While data science covers a wide set of techniques, applications, and disciplines, there are a few associated fields that data science heavily relies on.
The techniques used in the steps of a data science process and in conjunction with the term “data science” are:
Descriptive statistics: Computing mean, standard deviation, correlation, and other descriptive statistics, quantify the aggregate structure of a dataset.
This is essential information for understanding any dataset in order to understand the structure of the data and the relationships within the dataset. They are used in the exploration stage of the data science process.
• Exploratory visualization: The process of expressing data in visual coordinates enables users to find patterns and relationships in the data and to comprehend large datasets. Similar to descriptive statistics, they are integral in the pre- and post-processing steps in data science.
Dimensional slicing: Online analytical processing (OLAP) applications, which are prevalent in organizations, mainly provide information on the data through dimensional slicing, filtering, and pivoting.
OLAP analysis is enabled by a unique database schema design where the data are organized as dimensions (e.g., products, regions, dates) and quantitative facts or measures (e.g., revenue, quantity).
With a well-defined database structure, it is easy to slice the yearly revenue by-products or a combination of region and products.
These techniques are extremely useful and may unveil patterns in data (e.g., candy sales decline after Halloween in the United States).
Hypothesis testing: In confirmatory data analysis, experimental data are collected to evaluate whether a hypothesis has enough evidence to be supported or not.
There are many types of statistical testing and they have a wide variety of business applications (e.g., A/B testing in marketing).
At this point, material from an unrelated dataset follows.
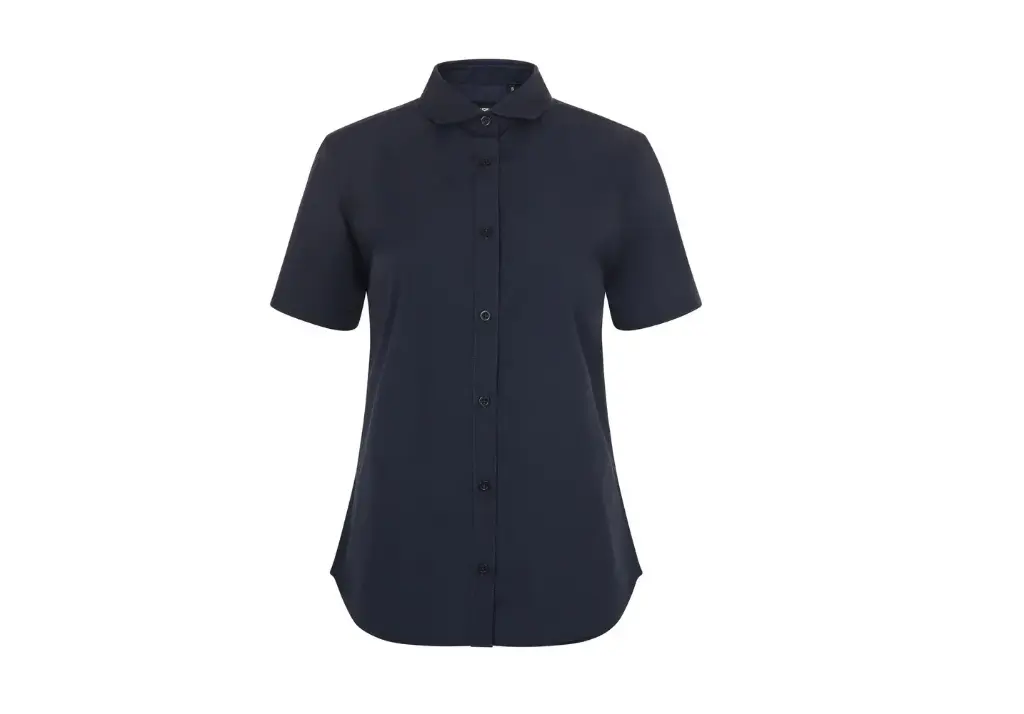 CAMISA 405010 · MC · MUJER · POPELIN · CUELLO ITALIANO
In general, data science is a process where many hypotheses are generated and tested based on observational data. Since the data science algorithms are iterative, solutions can be refined in each step.
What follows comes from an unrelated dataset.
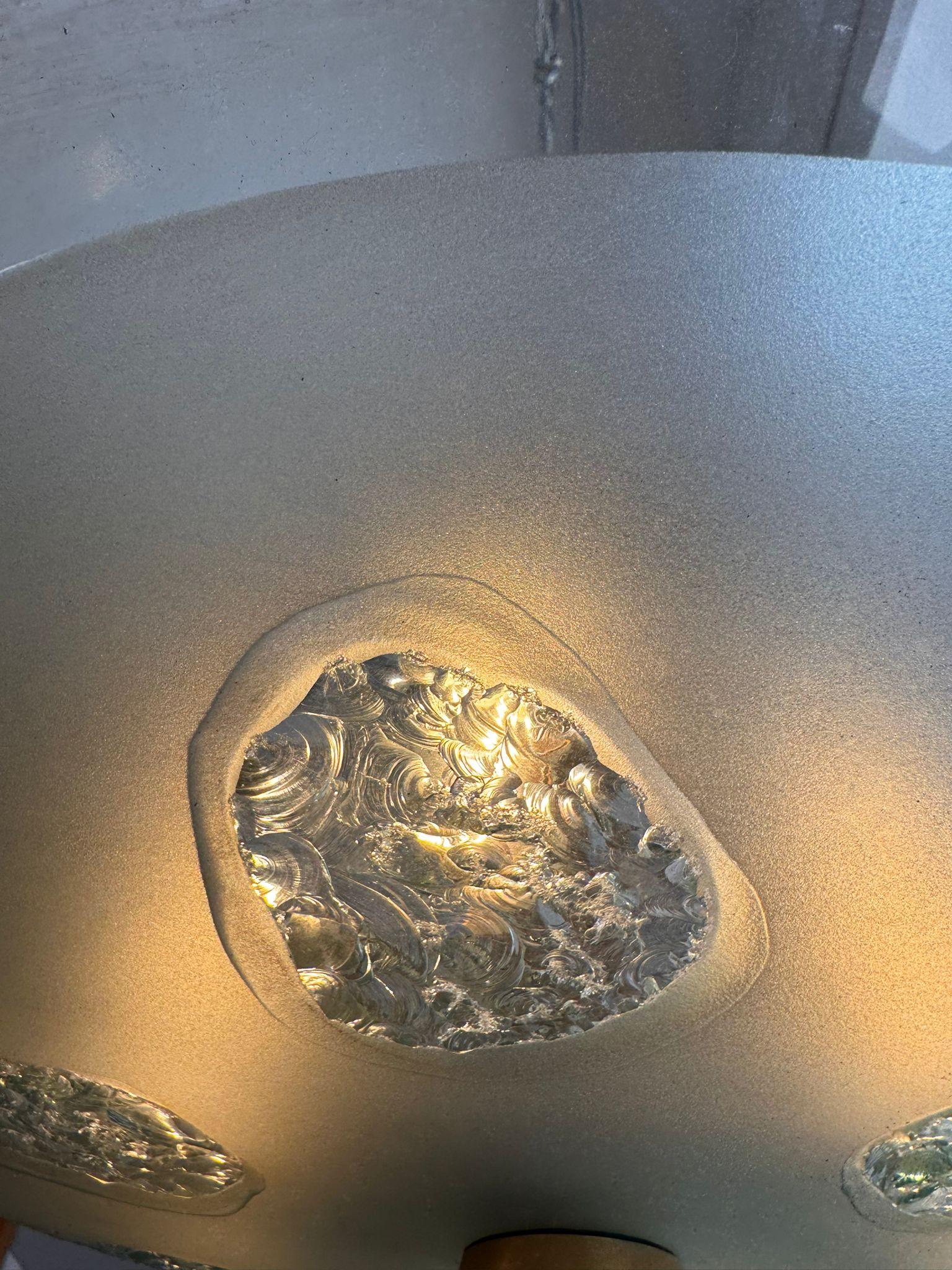 Italian Lampadario Max Ingrand per Fontana Arte modello 1748 in vendita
• Data engineering: Data engineering is the process of sourcing, organizing, assembling, storing, and distributing data for effective analysis and usage.
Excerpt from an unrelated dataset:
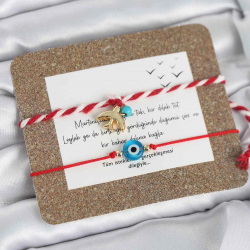 Mey İthalat® Marteniçka Bileklik 2'li Nazar ve Kırlangıç Model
Database engineering, distributed storage, and computing frameworks (e.g., Apache Hadoop, Spark, Kafka), parallel computing, extraction transformation and loading processing, and data warehousing constitute data engineering techniques. Data engineering helps source and prepare for data science learning algorithms.
Business intelligence: Business intelligence helps organizations consume data effectively. It helps query the Adhoc data without the need to write the technical query command or use dashboards or visualizations to communicate the facts and trends.
Business intelligence specializes in the secure delivery of information to right roles and the distribution of information at scale. Historical trends are usually reported, but in combination with data science, both the past and the predicted future data can be combined. BI can hold and distribute the results of data science.